One of the main reasons that I let my subscription to Eve Online lapse from time-to-time is because of two game play issues... First... where the game was focused on providing significantly more benefits for large groups such as corporations and alliances. Because of the combat and movement mechanics, a large corporation or alliance in Eve could control significant amounts of territory in Eve and could block individual players and small teams from gathering the resources necessary for growth. The largest alliance for example, the Goonswarm at one time fielded 50,000 active players.

This fail mechanic was built right into Pathfinder Online right from the very beginning, and put me off from subscribing.
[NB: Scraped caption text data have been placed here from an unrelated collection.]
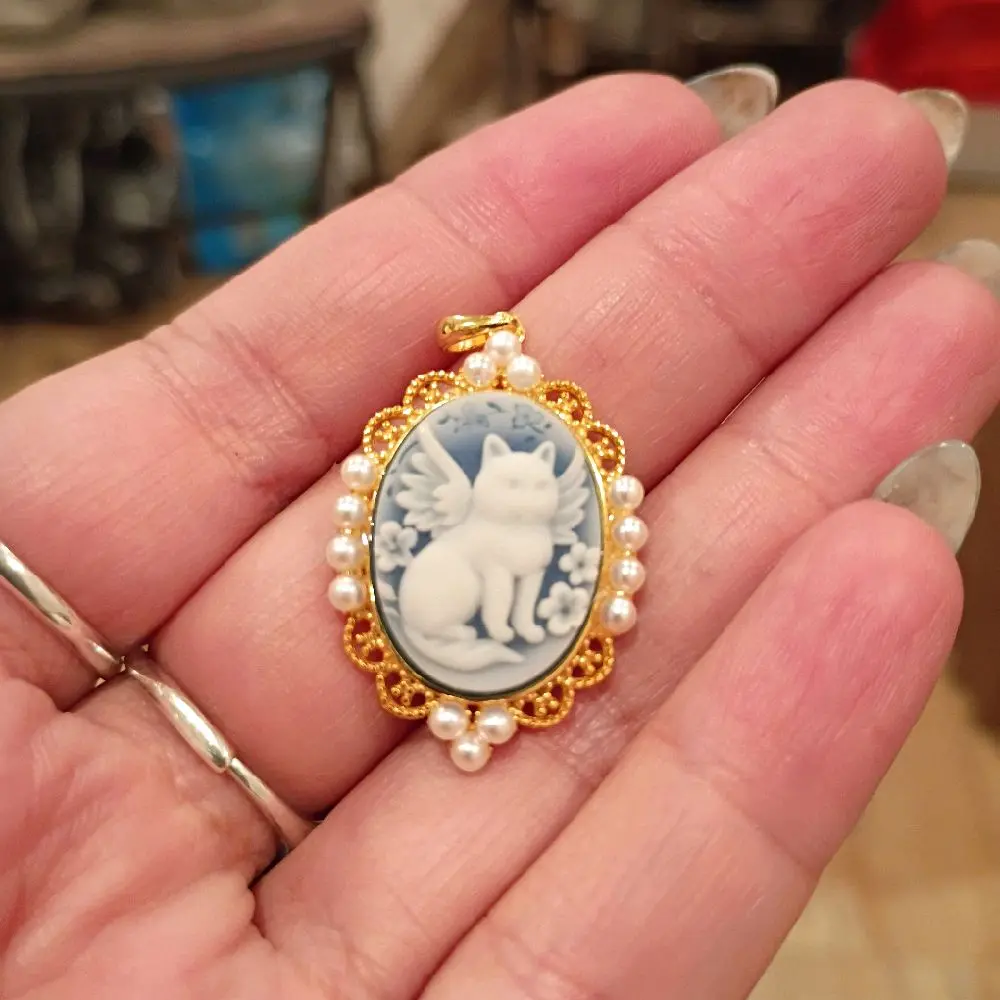 Flying Cat Pearl Golden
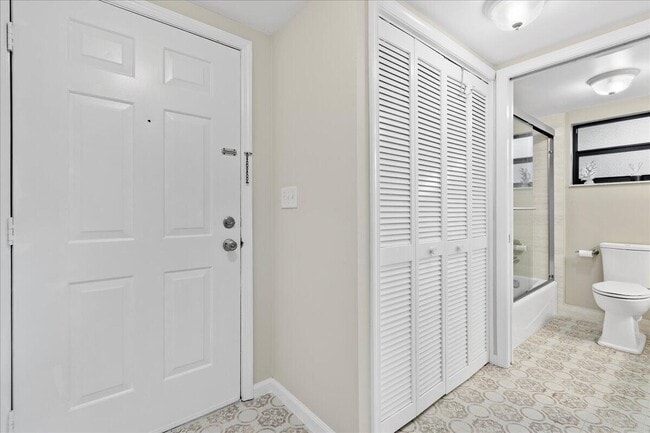 Building Photo - 11863 Wimbledon Cir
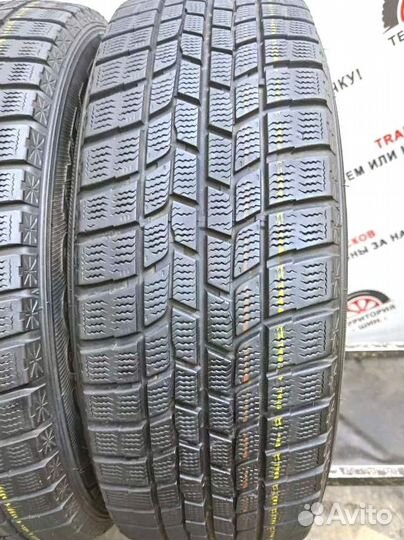 Goodyear Ice Navi 6 215/60 R17 96M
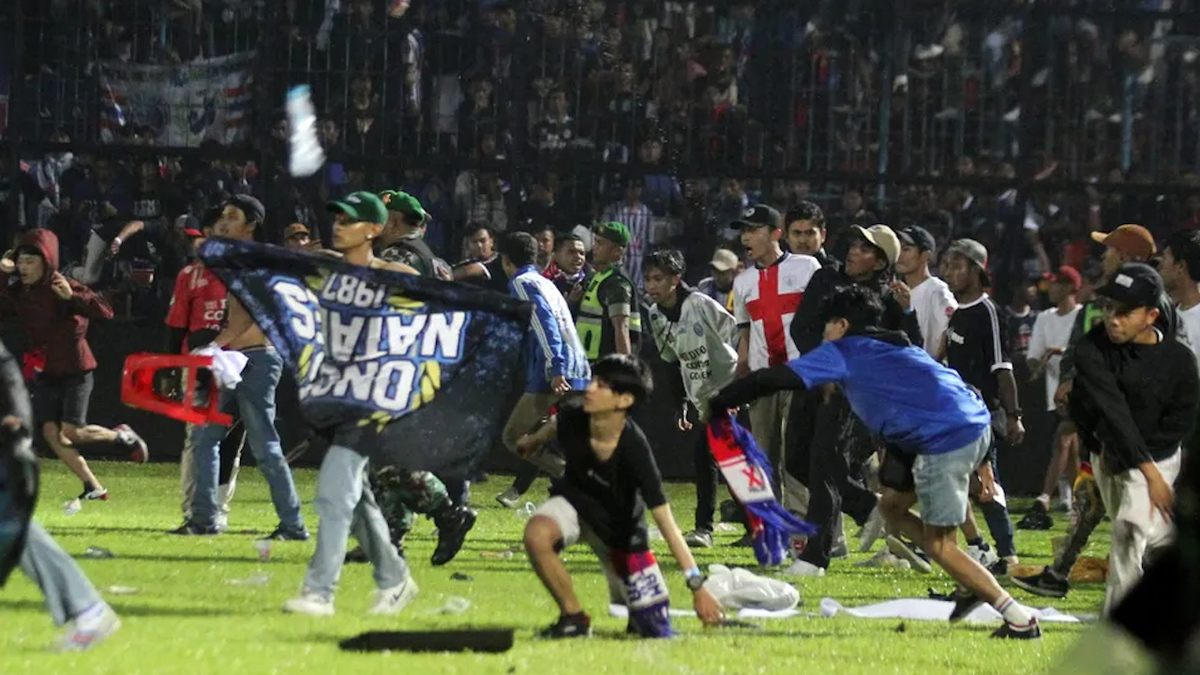 Autoridades de Indonesia bajan a 125 la cifra de muertos tras disturbios en partido de futbol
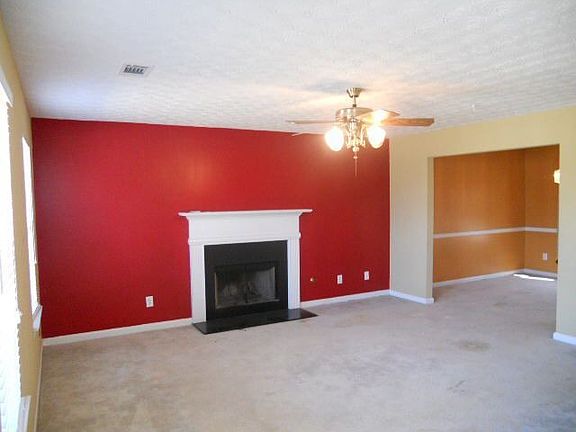 3rd image of 411 Yellow River Ln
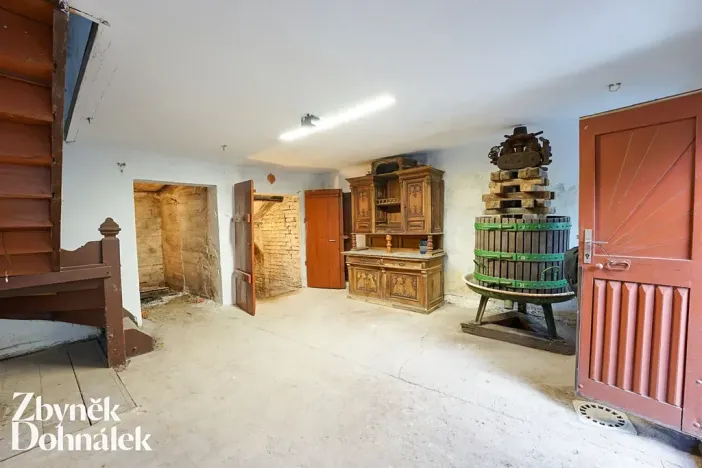 Prodej vinného sklepa, Hovorany, 69 m2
The second main reason I let my subscription to Eve Online lapse was because of griefing. Everyone understands Eve Online is a brutal universe. Play against another individual or team that is better than you, and you die and lose your stuff. I get it. Outside of the high security Empire space is a no holds barred frontier where there are no rules at all, and you only get to hold soveriegnty, and keep your hard earned rewards if your team can consistently block any other team that shows up from destroying your ships, taking your space stations, and interfering with your efforts at resource gathering and building.

I'm ok with that. The problem was, that the alliances and corporations that were in control of nullsec went to highsec and interfered with the new players... Everything from can flipping, and war declarations, where a very experienced corporation would declare war on a new corporation and siege the new players for weeks or months to effectively block the new corporations ability to gather enough resources to meaningfully participate in the game.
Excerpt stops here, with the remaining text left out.